Frame sampling. Selecting which frames from a video to process, since analyzing every frame is computationally prohibitive. Uniform sampling (every Nth frame) or keyframe extraction are common strategies.

Video tokens. Representations of video segments analogous to visual tokens for images. May encode single frames, short clips, or compressed temporal features.

Audio-Specific Terms

Speech-to-text (STT/ASR). Converting spoken audio to text. Whisper popularized end-to-end neural approaches. Modern multimodal models can do this natively.

Audio tokens.
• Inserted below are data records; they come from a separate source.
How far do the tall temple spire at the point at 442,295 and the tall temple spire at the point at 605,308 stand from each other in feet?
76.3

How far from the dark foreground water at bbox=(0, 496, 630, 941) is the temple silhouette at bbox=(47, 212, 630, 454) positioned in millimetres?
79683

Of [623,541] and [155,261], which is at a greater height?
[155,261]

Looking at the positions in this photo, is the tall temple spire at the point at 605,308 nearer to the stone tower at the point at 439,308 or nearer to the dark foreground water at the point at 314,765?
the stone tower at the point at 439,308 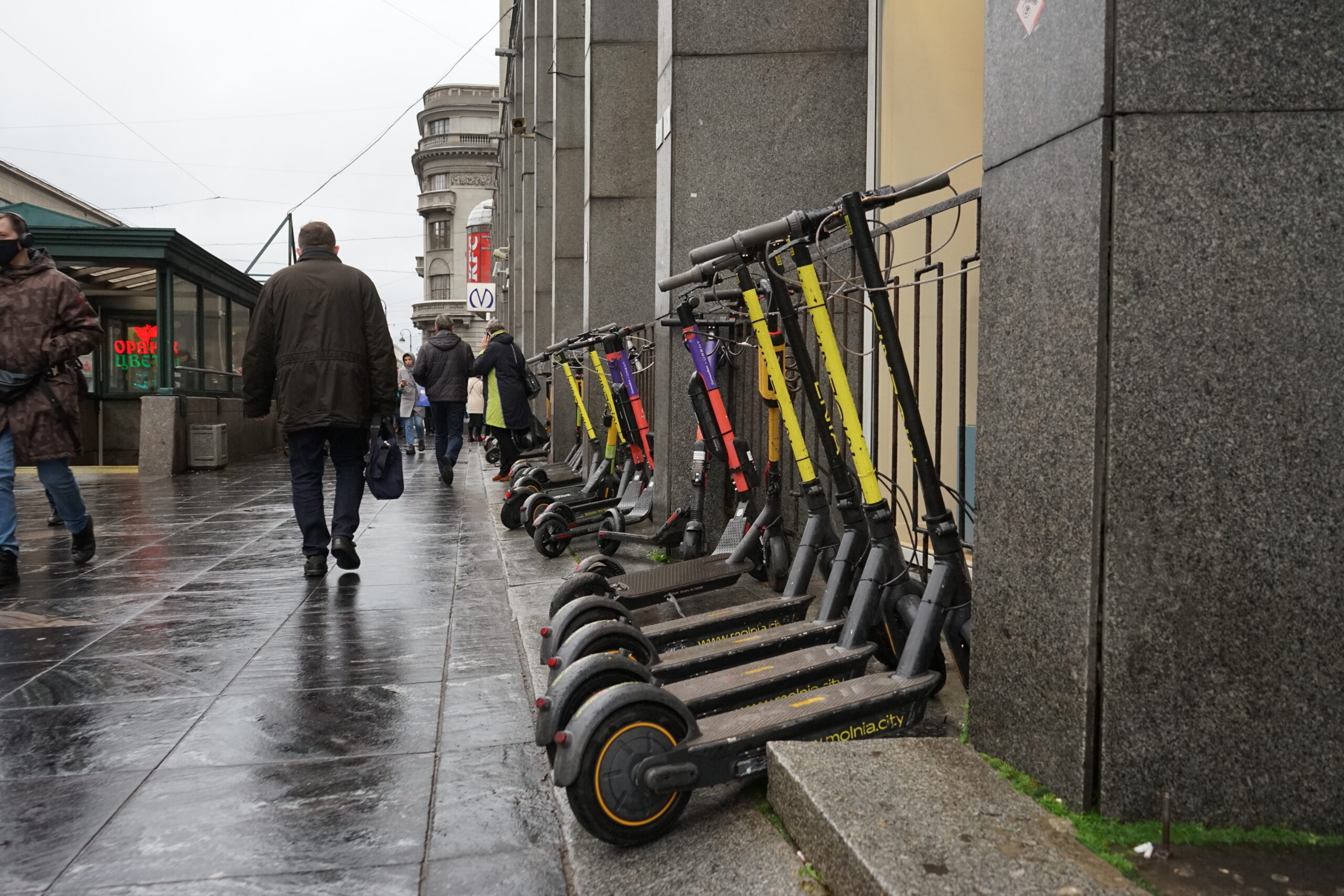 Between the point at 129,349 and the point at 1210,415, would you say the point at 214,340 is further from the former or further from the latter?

Discrete representations of audio segments, often produced by audio codecs like EnCodec or SoundStream. These allow language models to process audio as a sequence of tokens.

Speaker diarization. Identifying who speaks when in multi-speaker audio. Critical for meeting transcription and conversation analysis.

Practical Terms

Token budget. The total context window consumed by all modalities. An image might cost 500-2,000 tokens depending on resolution. Video can consume tens of thousands. Managing the token budget is a practical concern.

Resolution scaling. How a model handles different image resolutions. Some models resize all images to a fixed size (losing detail). Better approaches use dynamic tiling — splitting high-res images into patches processed at native resolution.

Modality-specific prompting. Crafting prompts that guide the model’s attention to specific aspects of non-text input. “Focus on the text in the upper-right corner” or “Describe the audio starting at 30 seconds.”

Multimodal RAG. Retrieval-augmented generation that indexes and retrieves across modalities. A query might retrieve relevant images, documents, and audio clips to provide context for generation.

This glossary covers the most common terms as of March 2026. The field evolves fast — new architectures and techniques regularly introduce new vocabulary.